Like other rulers before him, Antiochus underestimated the will and strength of his Jewish adversaries and sent a small force to put down the rebellion. When that was annihilated, he led a more powerful army into battle only to be defeated. In 164 BCE, Jerusalem was recaptured by the Maccabees and the Temple purified, an event that gave birth to the holiday of Chanukah

It took more than two decades of fighting before the Maccabees forced the Seleucids to retreat from the Land of Israel. By this time Antiochus had died and his successor agreed to the Jews’ demand for independence. In the year 142 BCE, after more than 500 years of subjugation, the Jews were again masters of their own fate…

The kingdom regained boundaries not far short of Solomon’s realm and Jewish life flourished.”

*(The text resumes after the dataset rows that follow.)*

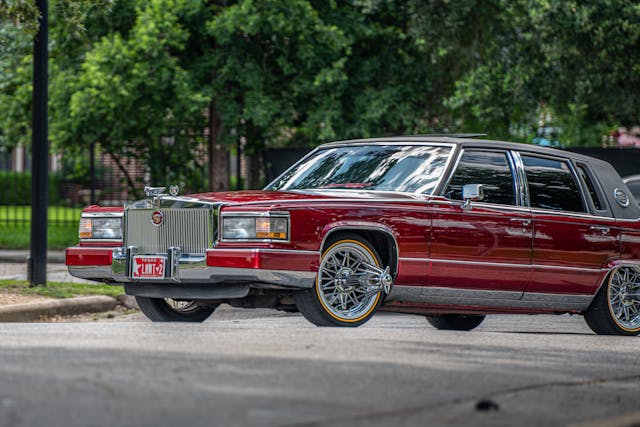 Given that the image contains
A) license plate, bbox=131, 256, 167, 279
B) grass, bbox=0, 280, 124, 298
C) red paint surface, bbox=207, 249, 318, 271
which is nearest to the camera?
red paint surface, bbox=207, 249, 318, 271

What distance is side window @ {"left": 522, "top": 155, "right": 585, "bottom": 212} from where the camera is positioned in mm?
11117

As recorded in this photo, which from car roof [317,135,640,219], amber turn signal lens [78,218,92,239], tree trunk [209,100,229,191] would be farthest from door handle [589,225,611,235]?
tree trunk [209,100,229,191]

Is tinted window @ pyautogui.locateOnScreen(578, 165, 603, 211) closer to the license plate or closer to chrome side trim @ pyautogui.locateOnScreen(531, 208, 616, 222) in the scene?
chrome side trim @ pyautogui.locateOnScreen(531, 208, 616, 222)

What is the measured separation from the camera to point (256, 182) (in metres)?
26.5

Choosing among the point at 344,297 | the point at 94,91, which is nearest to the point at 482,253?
the point at 344,297

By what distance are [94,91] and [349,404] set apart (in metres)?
17.3

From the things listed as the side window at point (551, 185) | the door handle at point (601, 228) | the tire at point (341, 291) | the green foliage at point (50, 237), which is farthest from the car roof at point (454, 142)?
the green foliage at point (50, 237)

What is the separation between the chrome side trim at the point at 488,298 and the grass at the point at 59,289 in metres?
4.76

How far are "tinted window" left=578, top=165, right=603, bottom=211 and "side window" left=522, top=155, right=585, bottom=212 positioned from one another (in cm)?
17

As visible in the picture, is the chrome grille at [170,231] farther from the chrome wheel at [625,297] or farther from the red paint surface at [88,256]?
the chrome wheel at [625,297]

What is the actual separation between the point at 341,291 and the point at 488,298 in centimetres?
147

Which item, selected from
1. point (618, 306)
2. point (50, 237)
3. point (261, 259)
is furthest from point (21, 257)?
point (261, 259)

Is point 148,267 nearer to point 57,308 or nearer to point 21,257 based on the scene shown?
point 57,308

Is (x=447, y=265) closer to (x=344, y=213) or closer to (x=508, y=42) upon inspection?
(x=344, y=213) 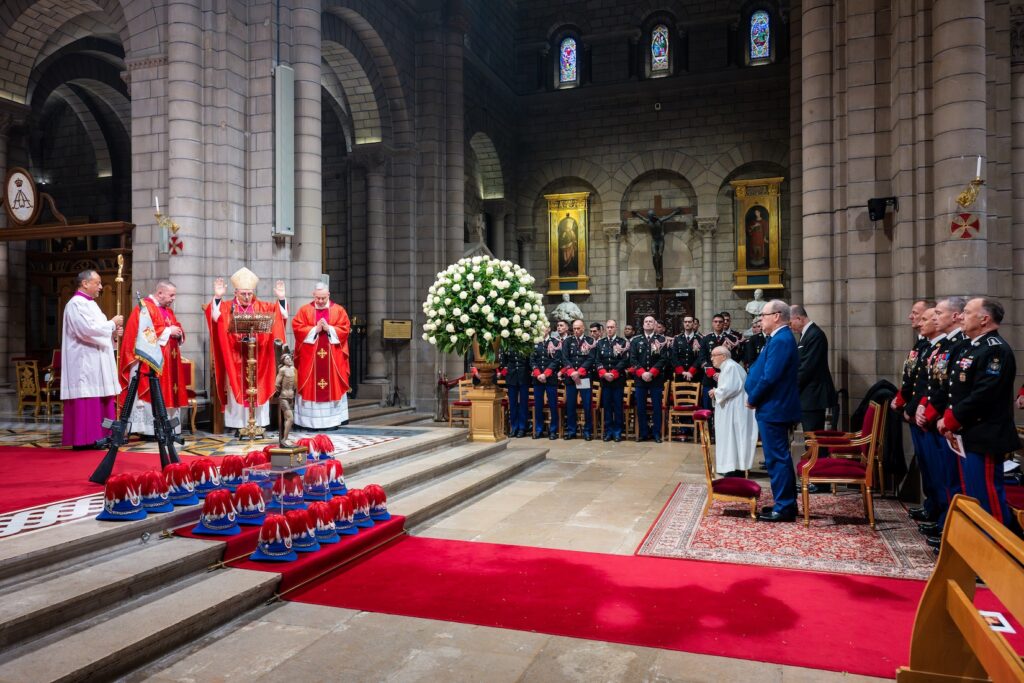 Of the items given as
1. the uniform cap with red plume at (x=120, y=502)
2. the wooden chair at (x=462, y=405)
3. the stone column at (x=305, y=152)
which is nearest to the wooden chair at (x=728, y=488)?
the uniform cap with red plume at (x=120, y=502)

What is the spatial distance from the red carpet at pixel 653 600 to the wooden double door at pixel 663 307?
14.7 meters

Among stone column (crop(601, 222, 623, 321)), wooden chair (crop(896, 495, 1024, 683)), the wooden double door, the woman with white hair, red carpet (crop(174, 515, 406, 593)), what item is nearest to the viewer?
wooden chair (crop(896, 495, 1024, 683))

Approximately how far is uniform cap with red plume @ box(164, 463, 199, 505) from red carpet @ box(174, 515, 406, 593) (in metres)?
0.23

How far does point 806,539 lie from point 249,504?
4217 millimetres

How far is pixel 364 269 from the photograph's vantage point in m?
15.1

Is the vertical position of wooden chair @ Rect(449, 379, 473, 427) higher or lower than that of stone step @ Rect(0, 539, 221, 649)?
higher

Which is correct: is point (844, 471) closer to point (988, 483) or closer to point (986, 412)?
point (988, 483)

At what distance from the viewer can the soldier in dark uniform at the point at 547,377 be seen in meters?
11.3

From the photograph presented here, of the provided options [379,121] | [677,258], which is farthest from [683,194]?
[379,121]

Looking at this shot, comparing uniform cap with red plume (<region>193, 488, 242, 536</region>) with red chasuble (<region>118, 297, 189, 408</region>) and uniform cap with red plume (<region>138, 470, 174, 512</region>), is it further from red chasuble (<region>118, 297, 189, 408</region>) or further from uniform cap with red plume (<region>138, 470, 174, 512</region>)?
red chasuble (<region>118, 297, 189, 408</region>)

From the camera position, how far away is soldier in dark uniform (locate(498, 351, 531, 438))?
11.6 m

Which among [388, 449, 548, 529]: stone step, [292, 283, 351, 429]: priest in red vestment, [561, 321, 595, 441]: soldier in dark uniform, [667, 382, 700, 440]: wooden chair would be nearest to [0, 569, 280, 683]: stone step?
[388, 449, 548, 529]: stone step

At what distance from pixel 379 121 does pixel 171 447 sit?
394 inches

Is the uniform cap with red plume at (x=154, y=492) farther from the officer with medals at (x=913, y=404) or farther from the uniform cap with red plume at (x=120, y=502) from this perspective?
the officer with medals at (x=913, y=404) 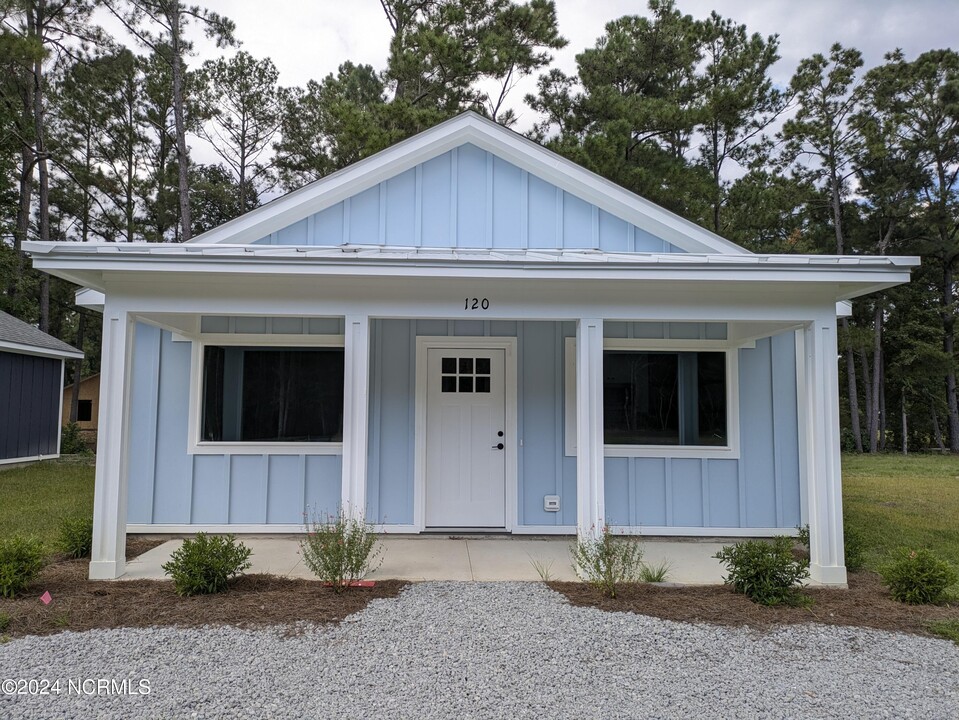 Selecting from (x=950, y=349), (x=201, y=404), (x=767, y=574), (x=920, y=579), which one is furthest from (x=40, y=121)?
(x=950, y=349)

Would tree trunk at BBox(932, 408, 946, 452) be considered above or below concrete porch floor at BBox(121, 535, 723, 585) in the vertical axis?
above

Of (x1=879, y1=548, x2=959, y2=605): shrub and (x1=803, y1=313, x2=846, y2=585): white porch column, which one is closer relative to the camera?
(x1=879, y1=548, x2=959, y2=605): shrub

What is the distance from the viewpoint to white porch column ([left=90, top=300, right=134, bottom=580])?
4824mm

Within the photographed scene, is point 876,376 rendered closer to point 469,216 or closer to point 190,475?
point 469,216

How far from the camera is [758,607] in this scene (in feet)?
14.4

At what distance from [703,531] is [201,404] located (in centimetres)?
549

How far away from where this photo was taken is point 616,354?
22.2ft

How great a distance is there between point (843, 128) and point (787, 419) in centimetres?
1798

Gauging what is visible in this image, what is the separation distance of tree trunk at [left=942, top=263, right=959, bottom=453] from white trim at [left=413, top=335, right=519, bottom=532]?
2014 cm

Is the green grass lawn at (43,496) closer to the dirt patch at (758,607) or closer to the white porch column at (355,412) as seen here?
the white porch column at (355,412)

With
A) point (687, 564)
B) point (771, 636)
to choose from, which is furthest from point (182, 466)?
point (771, 636)

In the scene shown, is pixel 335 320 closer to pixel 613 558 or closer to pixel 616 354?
pixel 616 354

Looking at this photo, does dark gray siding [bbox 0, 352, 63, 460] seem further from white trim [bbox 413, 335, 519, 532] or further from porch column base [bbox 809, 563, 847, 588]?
porch column base [bbox 809, 563, 847, 588]

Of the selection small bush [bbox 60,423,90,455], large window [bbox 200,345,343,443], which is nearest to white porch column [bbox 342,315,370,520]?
large window [bbox 200,345,343,443] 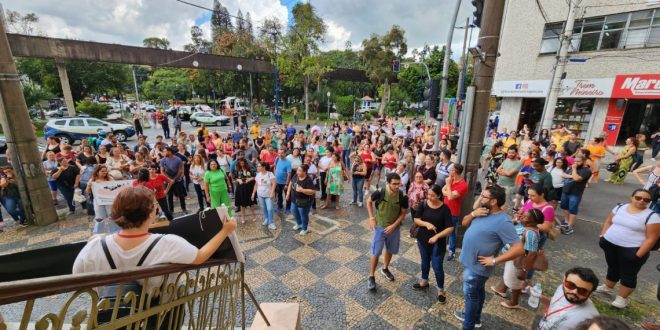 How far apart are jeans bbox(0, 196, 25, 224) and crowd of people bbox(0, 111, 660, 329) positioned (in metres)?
0.03

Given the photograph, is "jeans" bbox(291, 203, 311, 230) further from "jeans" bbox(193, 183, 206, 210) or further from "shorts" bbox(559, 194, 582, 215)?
"shorts" bbox(559, 194, 582, 215)

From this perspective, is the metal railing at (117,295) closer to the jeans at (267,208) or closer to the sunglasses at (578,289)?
the sunglasses at (578,289)

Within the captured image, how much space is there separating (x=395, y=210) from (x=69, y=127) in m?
20.8

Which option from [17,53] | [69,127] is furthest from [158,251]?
[17,53]

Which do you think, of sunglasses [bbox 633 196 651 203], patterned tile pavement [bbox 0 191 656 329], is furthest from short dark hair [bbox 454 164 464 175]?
sunglasses [bbox 633 196 651 203]

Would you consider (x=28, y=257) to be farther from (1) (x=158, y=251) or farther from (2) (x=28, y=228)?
(2) (x=28, y=228)

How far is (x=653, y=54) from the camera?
13.5m

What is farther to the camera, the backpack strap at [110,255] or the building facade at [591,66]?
the building facade at [591,66]

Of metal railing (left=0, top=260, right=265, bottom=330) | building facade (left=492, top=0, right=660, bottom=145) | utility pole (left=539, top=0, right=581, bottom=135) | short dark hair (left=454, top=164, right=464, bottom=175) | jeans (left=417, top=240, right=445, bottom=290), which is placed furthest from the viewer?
building facade (left=492, top=0, right=660, bottom=145)

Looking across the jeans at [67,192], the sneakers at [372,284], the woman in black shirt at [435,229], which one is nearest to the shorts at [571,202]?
the woman in black shirt at [435,229]

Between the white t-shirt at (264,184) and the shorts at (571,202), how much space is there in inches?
252

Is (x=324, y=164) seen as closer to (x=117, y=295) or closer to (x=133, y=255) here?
(x=133, y=255)

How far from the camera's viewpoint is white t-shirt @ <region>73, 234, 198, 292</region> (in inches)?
68.2

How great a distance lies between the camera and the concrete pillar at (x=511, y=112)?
18.8 m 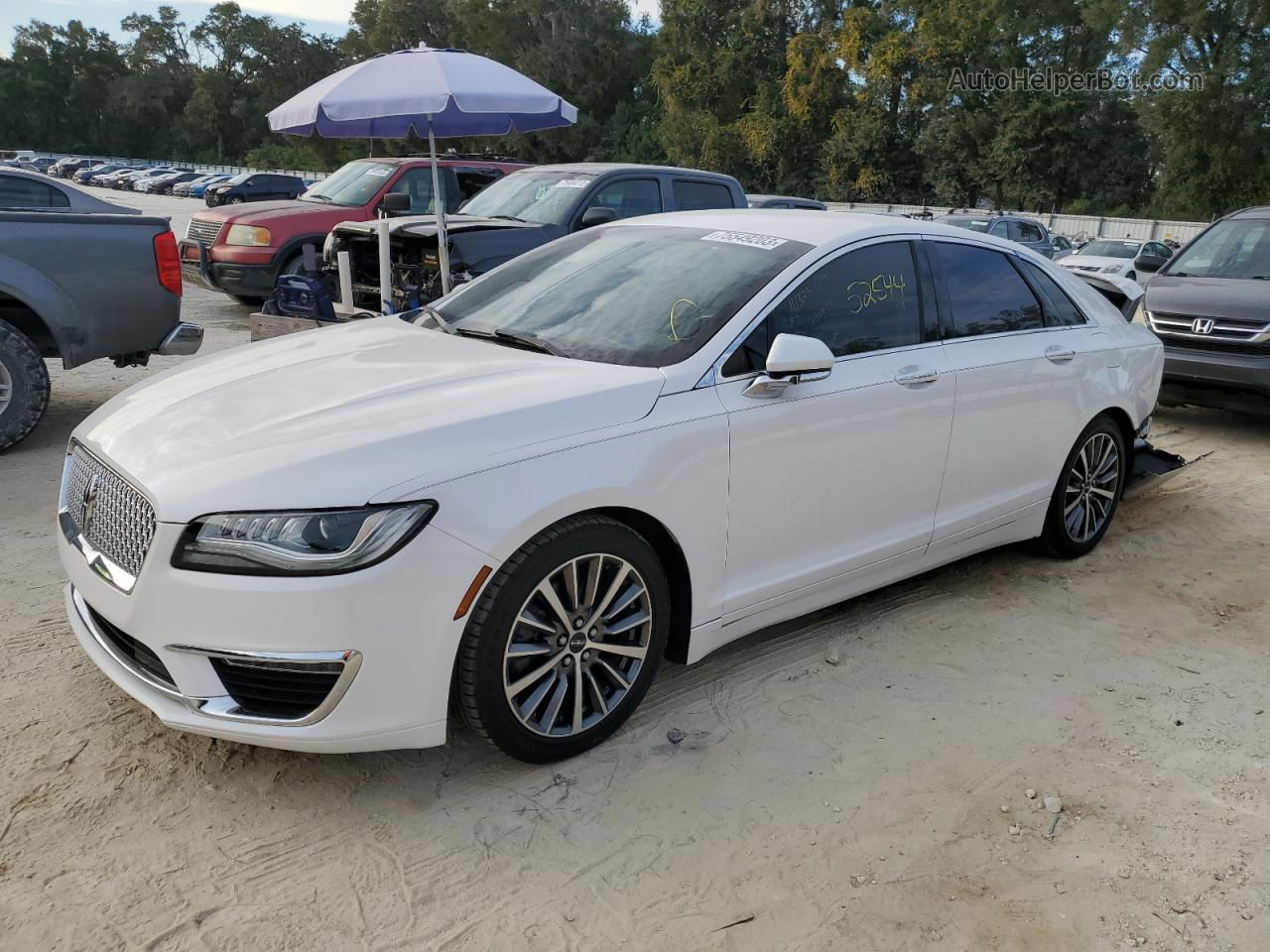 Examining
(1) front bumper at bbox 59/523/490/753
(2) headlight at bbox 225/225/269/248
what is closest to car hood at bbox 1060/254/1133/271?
(2) headlight at bbox 225/225/269/248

Wikipedia says that the Maccabees “reasserted the Jewish religion, partly by forced conversion” and “expanded the boundaries of Judea by conquest.” Likewise, I Maccabees 14:4-24 says that Simon Maccabee “took Joppe for a haven, and made an entrance to the isles of the sea. And he enlarged the bounds of his nation, and made himself master of the country… the fame of his glory was renowned even to the end of the earth.”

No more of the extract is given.